By Caroline Gardner
Pausing to take stock and plan ahead can feel like an overwhelming task in our current climate of increased demand for services, tight public finances, and constitutional uncertainty.
At Audit Scotland, the annual refresh of our work programme gives us the opportunity to consider how our audit work reflects the priorities and challenges of Scotland’s public sector.
Together with the Accounts Commission, we use intelligence gained from our audit work, and engagement with key stakeholders like the Scottish Parliament and our Inform 100 youth panel, to help us decide where our audits are likely to have the most impact and make a real difference.
Our work spans Scotland’s entire public sector so we’re in a privileged position of being able to see how services link together and where the gaps are.
It can be tough for people delivering services to achieve that perspective. Each public body has its own purpose, targets and challenges. All important, but they can be barriers to building relationships delivering services differently, and long-term, sustainable change.
Health and social services are a good example of a system under pressure to deliver an ambitious vision and struggling to achieve the joined-up thinking and evidence-based decision making that would support improvement for both staff and the people who rely on their services.

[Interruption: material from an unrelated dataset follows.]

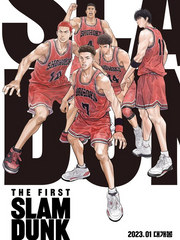 슬램덩크 드림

The Commission and I have reported extensively on the performance of health and social care services and we’ll build on this work in the coming years.
As well as our annual review of the NHS in Scotland, we’ll revisit NHS workforce planning later this year with an audit focussed on staff in community care services.
We’ll also shine a light on other corners of the system with audits on social care sustainability and outcomes for children with additional support needs.
Delivering services differently also means equipping people and places with technology and systems that are fit for purpose. Both the Commission and I will report separately on digital progress in Scotland’s local and central governments.
Finally, reporting on the impact of the Parliament’s new financial powers remains a significant piece of on-going work. Social security is the focus of this year’s audit, specifically how well the Scottish Government is managing delivery of 11 newly devolved benefits, which will result in approximately £3.3bn in spending once they’re fully implemented.